コースは、標高差男子300~450メートル、女子300~400メートルで、幅4~8メートルの旗門(関門)を30双以上、関門と次の関門の間は10メートル以上とする。斜度は大部分が25度から30度で、コースの幅は40メートル以上が国際的な標準コースである。スラロームの倍以上のスピードが出るので、旗の大きさは75センチ×50センチ、旗の下端を雪上から約1メートル以上離して見やすくする。平均時速は45~50キロ、最大時速は男子で65キロ(女子は45キロ)以内を目標とする。このようにルールは滑降に近く、コースは滑降に準じて用意される。レース前日に練習することが許され、滑降と同じくヘルメット着用が義務づけられている(着用しないと失格)。

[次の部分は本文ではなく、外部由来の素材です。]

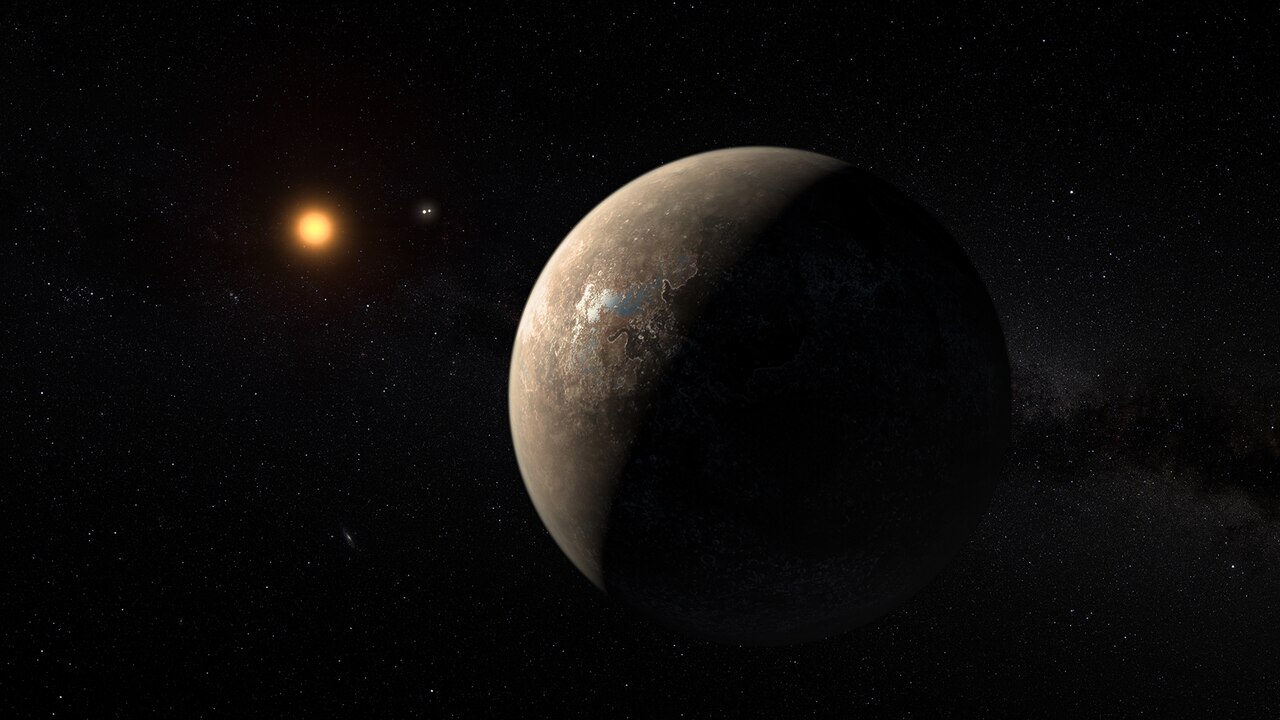 Artist's impression - exoplanet Proxima Centauri b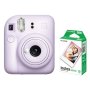 Fujifilm Instax MINI 12 Instant Film Camera Combo With 2 Films Lilac Purple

大回転は、滑降と回転の両方の技術が必要とされるから、アルペン3種目中1種目しかできない場合には、大回転を行うのが普通である。
[福岡孝純]
スーパー大回転super giant slalom
スーパーGとも略称される。滑降、回転、大回転がそれぞれ専門化されすぎ、興味が偏るようになったため開発された。大回転と滑降の中間をねらったスピーディーなレース。旗門は男子35双、女子は30双。標高差は男子400~650メートル、女子400~600メートルで、男女ともに途中に地形が許せば、ジャンプ台を(1)方向をかえるもの、(2)方向をかえないもの、について設置する。それにより、スピードにスリルが加わった。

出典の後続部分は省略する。